The Great Anniversary Festival

Letter to Abigail

We Americans like to bicker about things but we do come together on occasion, and one of those occasions is today, the Fourth of July, Independence Day. Most of our celebrations across the country will at least touch upon some of the traditional iconic customs of the day: grills and pies and a good bit of drinking with music and fireworks, outdoors, accompanied by plenty of red, white, and blue.

I have always loved the Fourth of July. It was supposed to be my birthday, but I arrived early (I haven’t been very good about early arrivals since), but Independence Day tends to make my birthday a days-long celebration all the same, which is kind of nice. When I was a boy, we would usually watch the fireworks from our home, which was not all that far from the municipal fireworks display at Firemen’s Field. My mom and dad and sister and grandparents would sit on lawn chairs in the front yard, faces pressed to the sky, while I can remember at least once or twice being granted the okay to sit on the trunk of the car to get a little closer, a little more height, to get a better view.

That was in the 1970s and it was not that different then from the way it was years before and not that different from the way it is now. The first known celebration of Independence Day was at Bristol, Rhode Island, in 1777. There at Bristol were the music and the fireworks, red, white and blue bunting, and speeches, too. We have records of General George Washington, on the Fourth of July, 1778, giving his soldiers an artillery salute and a double ration of rum (yes, even the drinking has a long history).

But back to the bickering, for that is what we do best (especially in an election year): There are those amongst our beloved Founding Fathers who would have wanted our celebration to be two days ago, the Second of July. John Adams was in this camp. Adams was a great leader in the fight for independence from Britain and he was our second president. It was in Philadelphia on July 2, 1776, that delegates of the thirteen colonies at the Second Continental Congress officially voted for independence, Adams amongst them. Two days later, on the Fourth, came the adoption of the Declaration of Independence that was penned by Thomas Jefferson. Adams was pretty certain July 2 would be remembered as a day of supreme importance in American history. In fact, here’s a bit of a letter he wrote back home to his wife Abigail on July 3 from Philadelphia:

The Second Day of July 1776, will be the most memorable Epocha, in the History of America. I am apt to believe it will be celebrated, by succeeding generations, as the great anniversary Festival. It ought to be commemorated, as the Day of Deliverance by solemn Acts of Devotion to God Almighty. It ought to be solemnized with Pomp and Parade, with Shews, Games, Sports, Guns, Bells, Bonfires and Illuminations from one End of this Continent to the other from this Time forward forever more.

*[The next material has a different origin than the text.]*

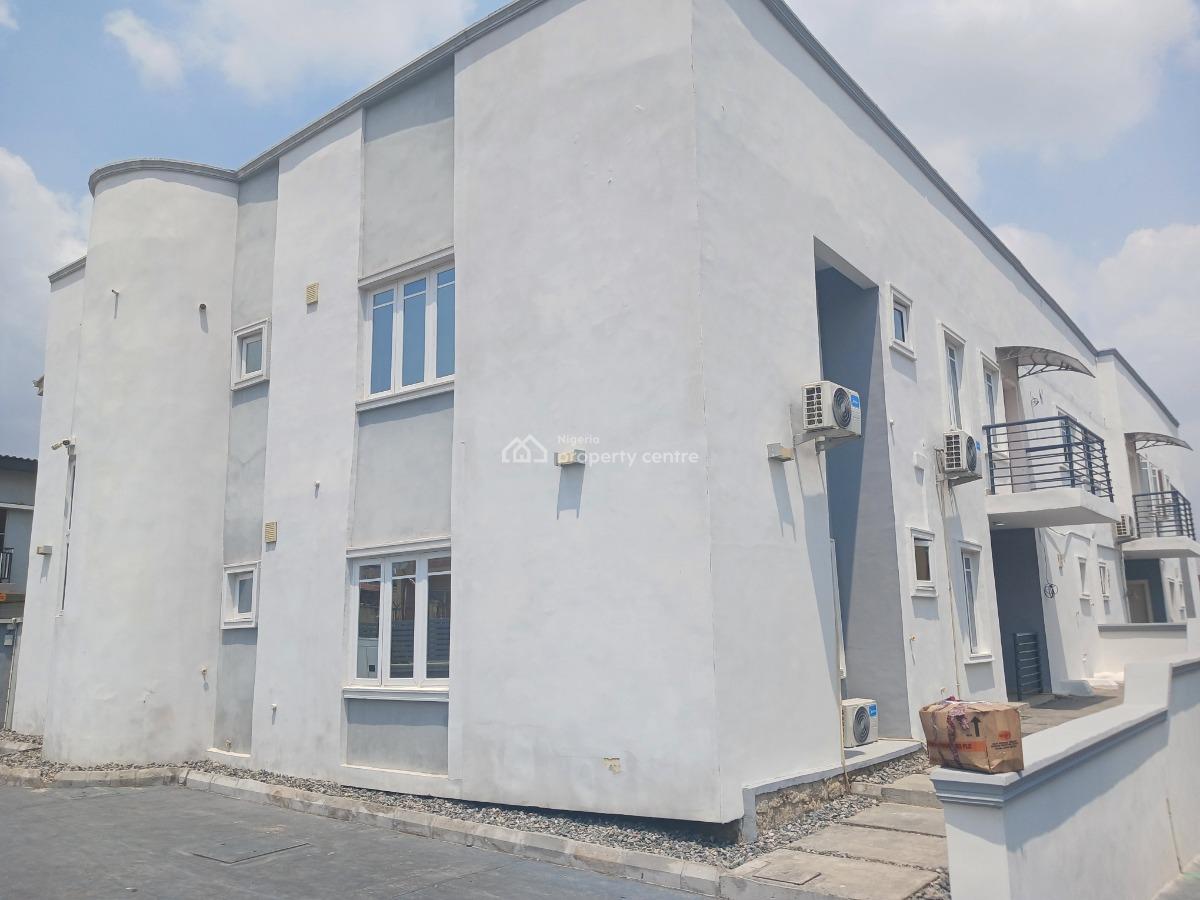 Fully Furnished Twin Duplex of 6 Bedroom Each, Old Bodija Estate, Ibadan, Oyo, Block of Flats for Sale
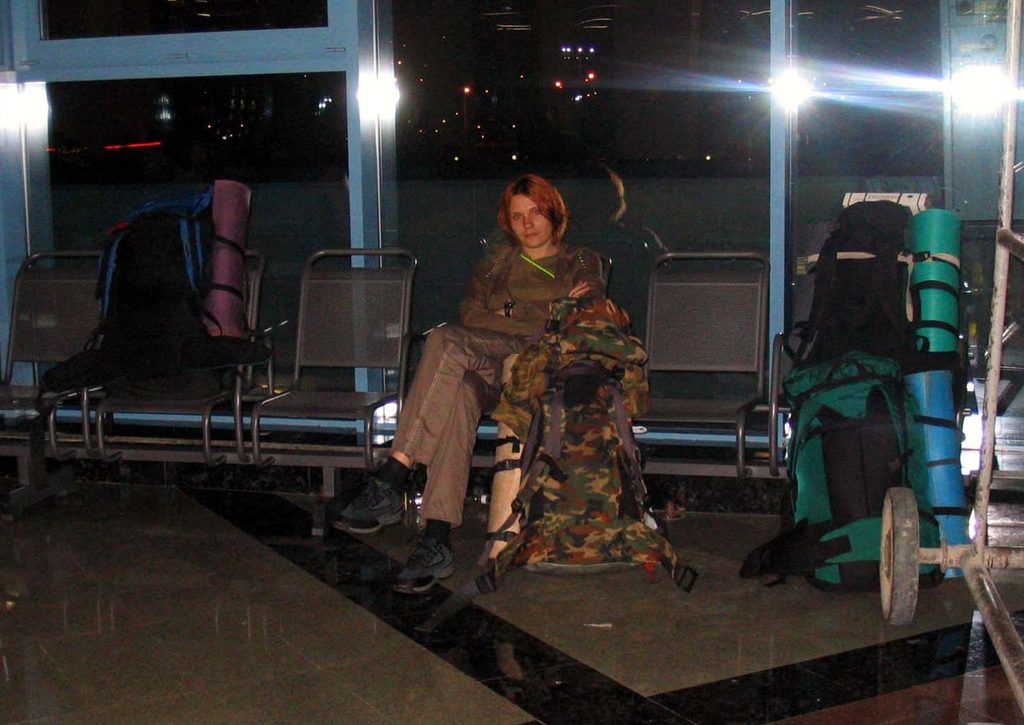 Вокзал в Ростове-на-Дону.Лето 2004.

Alas, the Fourth of July was the date written upon the document that was eventually signed by the delegates to that Second Continental Congress, and so the Fourth took on greater significance. Adams and Jefferson rarely saw eye to eye, and Adams lost his bid for a second term as president to Jefferson. But though they, too, bickered, they did share solidarity in their dream of the United States of America as a sovereign country, independent from the Crown of Great Britain. I have also loved the fact, ever since I learnt it as a little boy, that John Adams and Thomas Jefferson both left this earth on the same day, Adams in Massachusetts, Jefferson in Virginia, both on the Fourth of July, 1826: the fiftieth anniversary of the adoption of the Declaration of Independence. I like to think they both got to see some bonfires and illuminations before they went their ways… or maybe met up on the other side, where they could still bicker about the proper day to celebrate.

Image: Excerpt of a letter from John Adams in Philadelphia to his wife Abigail in Quincy, Massachusetts, July 3, 1776. With thanks to the Adams Family Archive of the Massachusetts Historical Society.